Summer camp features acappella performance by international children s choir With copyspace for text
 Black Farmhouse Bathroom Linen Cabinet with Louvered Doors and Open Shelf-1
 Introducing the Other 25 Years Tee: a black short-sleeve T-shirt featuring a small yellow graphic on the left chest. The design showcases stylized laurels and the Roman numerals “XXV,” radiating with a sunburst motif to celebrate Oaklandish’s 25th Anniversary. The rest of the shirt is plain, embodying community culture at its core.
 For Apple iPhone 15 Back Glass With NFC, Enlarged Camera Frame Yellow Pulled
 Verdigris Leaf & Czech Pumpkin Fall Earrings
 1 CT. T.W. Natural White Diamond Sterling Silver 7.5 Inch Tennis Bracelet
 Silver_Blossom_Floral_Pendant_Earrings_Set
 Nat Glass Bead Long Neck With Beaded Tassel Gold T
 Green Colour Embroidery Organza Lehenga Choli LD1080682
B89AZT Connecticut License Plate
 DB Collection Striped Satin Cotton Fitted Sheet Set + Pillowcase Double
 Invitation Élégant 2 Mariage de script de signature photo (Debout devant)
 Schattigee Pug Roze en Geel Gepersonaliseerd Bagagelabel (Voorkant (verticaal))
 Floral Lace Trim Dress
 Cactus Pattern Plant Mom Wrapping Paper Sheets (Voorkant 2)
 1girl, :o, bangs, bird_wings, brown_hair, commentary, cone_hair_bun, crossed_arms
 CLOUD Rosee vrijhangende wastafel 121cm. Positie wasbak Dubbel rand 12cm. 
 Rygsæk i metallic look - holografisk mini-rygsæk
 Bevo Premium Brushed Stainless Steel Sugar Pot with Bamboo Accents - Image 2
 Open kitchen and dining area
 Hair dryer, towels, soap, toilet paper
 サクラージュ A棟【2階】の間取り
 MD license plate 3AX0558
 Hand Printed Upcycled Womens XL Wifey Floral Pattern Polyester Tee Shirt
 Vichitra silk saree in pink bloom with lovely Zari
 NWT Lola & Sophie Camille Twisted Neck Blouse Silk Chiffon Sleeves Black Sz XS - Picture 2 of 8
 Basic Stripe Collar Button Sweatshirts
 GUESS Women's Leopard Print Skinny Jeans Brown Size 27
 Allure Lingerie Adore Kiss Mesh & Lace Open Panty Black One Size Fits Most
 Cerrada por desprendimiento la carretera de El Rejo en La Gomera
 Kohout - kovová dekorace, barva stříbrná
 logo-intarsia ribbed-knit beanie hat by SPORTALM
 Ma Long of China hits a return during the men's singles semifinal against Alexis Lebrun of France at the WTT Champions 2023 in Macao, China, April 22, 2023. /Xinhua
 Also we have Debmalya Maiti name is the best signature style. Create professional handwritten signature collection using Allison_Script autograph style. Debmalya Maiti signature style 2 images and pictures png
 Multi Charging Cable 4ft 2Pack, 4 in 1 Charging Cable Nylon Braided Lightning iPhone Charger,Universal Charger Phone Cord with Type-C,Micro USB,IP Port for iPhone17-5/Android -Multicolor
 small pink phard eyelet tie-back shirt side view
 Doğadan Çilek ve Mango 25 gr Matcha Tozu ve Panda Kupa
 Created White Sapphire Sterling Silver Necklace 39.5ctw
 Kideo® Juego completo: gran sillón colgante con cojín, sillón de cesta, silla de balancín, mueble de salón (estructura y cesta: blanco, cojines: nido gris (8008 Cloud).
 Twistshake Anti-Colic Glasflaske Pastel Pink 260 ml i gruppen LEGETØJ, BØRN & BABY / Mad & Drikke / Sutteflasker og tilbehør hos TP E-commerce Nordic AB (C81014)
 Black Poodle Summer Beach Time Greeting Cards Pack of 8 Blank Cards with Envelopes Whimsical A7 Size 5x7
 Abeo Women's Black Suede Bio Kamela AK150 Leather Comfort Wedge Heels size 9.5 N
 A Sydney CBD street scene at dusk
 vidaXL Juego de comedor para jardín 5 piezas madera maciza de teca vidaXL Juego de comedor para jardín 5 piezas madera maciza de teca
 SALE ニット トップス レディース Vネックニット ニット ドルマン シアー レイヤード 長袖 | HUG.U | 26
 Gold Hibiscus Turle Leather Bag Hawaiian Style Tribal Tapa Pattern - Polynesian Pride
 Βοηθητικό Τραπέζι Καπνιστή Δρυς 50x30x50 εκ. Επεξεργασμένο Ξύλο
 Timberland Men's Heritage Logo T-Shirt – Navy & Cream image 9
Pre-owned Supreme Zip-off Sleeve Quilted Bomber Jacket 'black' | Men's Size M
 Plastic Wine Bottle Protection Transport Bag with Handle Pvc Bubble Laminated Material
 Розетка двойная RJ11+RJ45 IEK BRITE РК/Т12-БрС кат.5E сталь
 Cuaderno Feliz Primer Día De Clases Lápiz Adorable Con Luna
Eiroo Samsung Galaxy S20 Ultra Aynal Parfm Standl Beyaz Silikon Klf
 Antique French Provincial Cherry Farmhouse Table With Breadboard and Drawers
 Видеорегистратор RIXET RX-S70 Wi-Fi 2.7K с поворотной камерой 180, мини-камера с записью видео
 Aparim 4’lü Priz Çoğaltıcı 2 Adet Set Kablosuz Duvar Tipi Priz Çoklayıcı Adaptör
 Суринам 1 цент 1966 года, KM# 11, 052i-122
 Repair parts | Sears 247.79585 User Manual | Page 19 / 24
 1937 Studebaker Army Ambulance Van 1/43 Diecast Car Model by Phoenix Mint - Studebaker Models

==================================================

## THE TASK
The records above are to be repeated exactly, in their entirety.

## TASK ANSWER
Summer camp features acappella performance by international children s choir With copyspace for text
 Black Farmhouse Bathroom Linen Cabinet with Louvered Doors and Open Shelf-1
 Introducing the Other 25 Years Tee: a black short-sleeve T-shirt featuring a small yellow graphic on the left chest. The design showcases stylized laurels and the Roman numerals “XXV,” radiating with a sunburst motif to celebrate Oaklandish’s 25th Anniversary. The rest of the shirt is plain, embodying community culture at its core.
 For Apple iPhone 15 Back Glass With NFC, Enlarged Camera Frame Yellow Pulled
 Verdigris Leaf & Czech Pumpkin Fall Earrings
 1 CT. T.W. Natural White Diamond Sterling Silver 7.5 Inch Tennis Bracelet
 Silver_Blossom_Floral_Pendant_Earrings_Set
 Nat Glass Bead Long Neck With Beaded Tassel Gold T
 Green Colour Embroidery Organza Lehenga Choli LD1080682
B89AZT Connecticut License Plate
 DB Collection Striped Satin Cotton Fitted Sheet Set + Pillowcase Double
 Invitation Élégant 2 Mariage de script de signature photo (Debout devant)
 Schattigee Pug Roze en Geel Gepersonaliseerd Bagagelabel (Voorkant (verticaal))
 Floral Lace Trim Dress
 Cactus Pattern Plant Mom Wrapping Paper Sheets (Voorkant 2)
 1girl, :o, bangs, bird_wings, brown_hair, commentary, cone_hair_bun, crossed_arms
 CLOUD Rosee vrijhangende wastafel 121cm. Positie wasbak Dubbel rand 12cm. 
 Rygsæk i metallic look - holografisk mini-rygsæk
 Bevo Premium Brushed Stainless Steel Sugar Pot with Bamboo Accents - Image 2
 Open kitchen and dining area
 Hair dryer, towels, soap, toilet paper
 サクラージュ A棟【2階】の間取り
 MD license plate 3AX0558
 Hand Printed Upcycled Womens XL Wifey Floral Pattern Polyester Tee Shirt
 Vichitra silk saree in pink bloom with lovely Zari
 NWT Lola & Sophie Camille Twisted Neck Blouse Silk Chiffon Sleeves Black Sz XS - Picture 2 of 8
 Basic Stripe Collar Button Sweatshirts
 GUESS Women's Leopard Print Skinny Jeans Brown Size 27
 Allure Lingerie Adore Kiss Mesh & Lace Open Panty Black One Size Fits Most
 Cerrada por desprendimiento la carretera de El Rejo en La Gomera
 Kohout - kovová dekorace, barva stříbrná
 logo-intarsia ribbed-knit beanie hat by SPORTALM
 Ma Long of China hits a return during the men's singles semifinal against Alexis Lebrun of France at the WTT Champions 2023 in Macao, China, April 22, 2023. /Xinhua
 Also we have Debmalya Maiti name is the best signature style. Create professional handwritten signature collection using Allison_Script autograph style. Debmalya Maiti signature style 2 images and pictures png
 Multi Charging Cable 4ft 2Pack, 4 in 1 Charging Cable Nylon Braided Lightning iPhone Charger,Universal Charger Phone Cord with Type-C,Micro USB,IP Port for iPhone17-5/Android -Multicolor
 small pink phard eyelet tie-back shirt side view
 Doğadan Çilek ve Mango 25 gr Matcha Tozu ve Panda Kupa
 Created White Sapphire Sterling Silver Necklace 39.5ctw
 Kideo® Juego completo: gran sillón colgante con cojín, sillón de cesta, silla de balancín, mueble de salón (estructura y cesta: blanco, cojines: nido gris (8008 Cloud).
 Twistshake Anti-Colic Glasflaske Pastel Pink 260 ml i gruppen LEGETØJ, BØRN & BABY / Mad & Drikke / Sutteflasker og tilbehør hos TP E-commerce Nordic AB (C81014)
 Black Poodle Summer Beach Time Greeting Cards Pack of 8 Blank Cards with Envelopes Whimsical A7 Size 5x7
 Abeo Women's Black Suede Bio Kamela AK150 Leather Comfort Wedge Heels size 9.5 N
 A Sydney CBD street scene at dusk
 vidaXL Juego de comedor para jardín 5 piezas madera maciza de teca vidaXL Juego de comedor para jardín 5 piezas madera maciza de teca
 SALE ニット トップス レディース Vネックニット ニット ドルマン シアー レイヤード 長袖 | HUG.U | 26
 Gold Hibiscus Turle Leather Bag Hawaiian Style Tribal Tapa Pattern - Polynesian Pride
 Βοηθητικό Τραπέζι Καπνιστή Δρυς 50x30x50 εκ. Επεξεργασμένο Ξύλο
 Timberland Men's Heritage Logo T-Shirt – Navy & Cream image 9
Pre-owned Supreme Zip-off Sleeve Quilted Bomber Jacket 'black' | Men's Size M
 Plastic Wine Bottle Protection Transport Bag with Handle Pvc Bubble Laminated Material
 Розетка двойная RJ11+RJ45 IEK BRITE РК/Т12-БрС кат.5E сталь
 Cuaderno Feliz Primer Día De Clases Lápiz Adorable Con Luna
Eiroo Samsung Galaxy S20 Ultra Aynal Parfm Standl Beyaz Silikon Klf
 Antique French Provincial Cherry Farmhouse Table With Breadboard and Drawers
 Видеорегистратор RIXET RX-S70 Wi-Fi 2.7K с поворотной камерой 180, мини-камера с записью видео
 Aparim 4’lü Priz Çoğaltıcı 2 Adet Set Kablosuz Duvar Tipi Priz Çoklayıcı Adaptör
 Суринам 1 цент 1966 года, KM# 11, 052i-122
 Repair parts | Sears 247.79585 User Manual | Page 19 / 24
 1937 Studebaker Army Ambulance Van 1/43 Diecast Car Model by Phoenix Mint - Studebaker Models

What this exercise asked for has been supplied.